* [TASK DESCRIPTION]:
Nothing but a full, exact copy of the data is needed.

Brief descriptive captions
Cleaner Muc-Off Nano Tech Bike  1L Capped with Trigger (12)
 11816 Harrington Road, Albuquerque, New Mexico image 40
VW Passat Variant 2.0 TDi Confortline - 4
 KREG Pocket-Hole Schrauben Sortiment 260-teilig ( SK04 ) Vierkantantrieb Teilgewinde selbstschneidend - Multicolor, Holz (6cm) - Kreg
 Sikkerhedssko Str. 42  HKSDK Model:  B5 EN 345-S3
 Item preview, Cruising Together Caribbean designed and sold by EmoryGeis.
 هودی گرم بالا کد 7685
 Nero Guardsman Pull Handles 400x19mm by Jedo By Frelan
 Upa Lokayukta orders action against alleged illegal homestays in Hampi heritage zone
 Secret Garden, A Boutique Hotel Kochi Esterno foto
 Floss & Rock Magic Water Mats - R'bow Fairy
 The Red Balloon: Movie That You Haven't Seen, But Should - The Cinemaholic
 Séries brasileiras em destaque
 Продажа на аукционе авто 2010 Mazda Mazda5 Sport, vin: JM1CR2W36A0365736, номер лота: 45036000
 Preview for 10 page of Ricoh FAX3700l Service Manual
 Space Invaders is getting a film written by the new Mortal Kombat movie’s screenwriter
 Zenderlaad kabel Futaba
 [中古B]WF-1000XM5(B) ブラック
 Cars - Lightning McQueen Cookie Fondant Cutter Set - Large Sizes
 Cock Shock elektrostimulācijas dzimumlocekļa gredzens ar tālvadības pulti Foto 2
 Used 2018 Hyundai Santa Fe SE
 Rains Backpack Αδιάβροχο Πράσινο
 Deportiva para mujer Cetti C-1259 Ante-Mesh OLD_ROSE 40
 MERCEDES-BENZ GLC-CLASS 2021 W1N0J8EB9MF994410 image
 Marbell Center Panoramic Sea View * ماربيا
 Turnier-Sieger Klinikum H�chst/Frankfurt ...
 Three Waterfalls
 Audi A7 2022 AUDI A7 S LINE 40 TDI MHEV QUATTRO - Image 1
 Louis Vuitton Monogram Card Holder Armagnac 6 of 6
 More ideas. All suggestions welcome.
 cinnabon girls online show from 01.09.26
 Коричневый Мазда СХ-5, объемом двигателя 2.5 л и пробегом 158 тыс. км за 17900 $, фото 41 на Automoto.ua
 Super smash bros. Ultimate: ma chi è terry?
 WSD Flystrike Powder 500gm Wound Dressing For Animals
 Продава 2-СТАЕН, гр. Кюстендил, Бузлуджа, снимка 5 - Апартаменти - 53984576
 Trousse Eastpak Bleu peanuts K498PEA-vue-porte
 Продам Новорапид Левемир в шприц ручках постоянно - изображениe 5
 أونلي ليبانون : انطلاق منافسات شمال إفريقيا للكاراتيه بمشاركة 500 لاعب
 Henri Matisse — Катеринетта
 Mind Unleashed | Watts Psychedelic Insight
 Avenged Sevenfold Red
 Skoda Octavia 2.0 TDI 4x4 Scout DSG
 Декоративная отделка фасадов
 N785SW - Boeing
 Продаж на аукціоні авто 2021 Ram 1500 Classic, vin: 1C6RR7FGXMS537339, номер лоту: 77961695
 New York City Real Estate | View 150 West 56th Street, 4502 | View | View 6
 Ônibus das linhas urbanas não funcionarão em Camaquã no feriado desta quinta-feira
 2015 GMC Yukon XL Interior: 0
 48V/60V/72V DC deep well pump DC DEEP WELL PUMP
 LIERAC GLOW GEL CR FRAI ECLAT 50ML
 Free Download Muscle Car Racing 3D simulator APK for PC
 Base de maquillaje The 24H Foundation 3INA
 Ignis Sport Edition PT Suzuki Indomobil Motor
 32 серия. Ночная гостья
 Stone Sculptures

* [RESPONSE]:
Cleaner Muc-Off Nano Tech Bike  1L Capped with Trigger (12)
 11816 Harrington Road, Albuquerque, New Mexico image 40
VW Passat Variant 2.0 TDi Confortline - 4
 KREG Pocket-Hole Schrauben Sortiment 260-teilig ( SK04 ) Vierkantantrieb Teilgewinde selbstschneidend - Multicolor, Holz (6cm) - Kreg
 Sikkerhedssko Str. 42  HKSDK Model:  B5 EN 345-S3
 Item preview, Cruising Together Caribbean designed and sold by EmoryGeis.
 هودی گرم بالا کد 7685
 Nero Guardsman Pull Handles 400x19mm by Jedo By Frelan
 Upa Lokayukta orders action against alleged illegal homestays in Hampi heritage zone
 Secret Garden, A Boutique Hotel Kochi Esterno foto
 Floss & Rock Magic Water Mats - R'bow Fairy
 The Red Balloon: Movie That You Haven't Seen, But Should - The Cinemaholic
 Séries brasileiras em destaque
 Продажа на аукционе авто 2010 Mazda Mazda5 Sport, vin: JM1CR2W36A0365736, номер лота: 45036000
 Preview for 10 page of Ricoh FAX3700l Service Manual
 Space Invaders is getting a film written by the new Mortal Kombat movie’s screenwriter
 Zenderlaad kabel Futaba
 [中古B]WF-1000XM5(B) ブラック
 Cars - Lightning McQueen Cookie Fondant Cutter Set - Large Sizes
 Cock Shock elektrostimulācijas dzimumlocekļa gredzens ar tālvadības pulti Foto 2
 Used 2018 Hyundai Santa Fe SE
 Rains Backpack Αδιάβροχο Πράσινο
 Deportiva para mujer Cetti C-1259 Ante-Mesh OLD_ROSE 40
 MERCEDES-BENZ GLC-CLASS 2021 W1N0J8EB9MF994410 image
 Marbell Center Panoramic Sea View * ماربيا
 Turnier-Sieger Klinikum H�chst/Frankfurt ...
 Three Waterfalls
 Audi A7 2022 AUDI A7 S LINE 40 TDI MHEV QUATTRO - Image 1
 Louis Vuitton Monogram Card Holder Armagnac 6 of 6
 More ideas. All suggestions welcome.
 cinnabon girls online show from 01.09.26
 Коричневый Мазда СХ-5, объемом двигателя 2.5 л и пробегом 158 тыс. км за 17900 $, фото 41 на Automoto.ua
 Super smash bros. Ultimate: ma chi è terry?
 WSD Flystrike Powder 500gm Wound Dressing For Animals
 Продава 2-СТАЕН, гр. Кюстендил, Бузлуджа, снимка 5 - Апартаменти - 53984576
 Trousse Eastpak Bleu peanuts K498PEA-vue-porte
 Продам Новорапид Левемир в шприц ручках постоянно - изображениe 5
 أونلي ليبانون : انطلاق منافسات شمال إفريقيا للكاراتيه بمشاركة 500 لاعب
 Henri Matisse — Катеринетта
 Mind Unleashed | Watts Psychedelic Insight
 Avenged Sevenfold Red
 Skoda Octavia 2.0 TDI 4x4 Scout DSG
 Декоративная отделка фасадов
 N785SW - Boeing
 Продаж на аукціоні авто 2021 Ram 1500 Classic, vin: 1C6RR7FGXMS537339, номер лоту: 77961695
 New York City Real Estate | View 150 West 56th Street, 4502 | View | View 6
 Ônibus das linhas urbanas não funcionarão em Camaquã no feriado desta quinta-feira
 2015 GMC Yukon XL Interior: 0
 48V/60V/72V DC deep well pump DC DEEP WELL PUMP
 LIERAC GLOW GEL CR FRAI ECLAT 50ML
 Free Download Muscle Car Racing 3D simulator APK for PC
 Base de maquillaje The 24H Foundation 3INA
 Ignis Sport Edition PT Suzuki Indomobil Motor
 32 серия. Ночная гостья
 Stone Sculptures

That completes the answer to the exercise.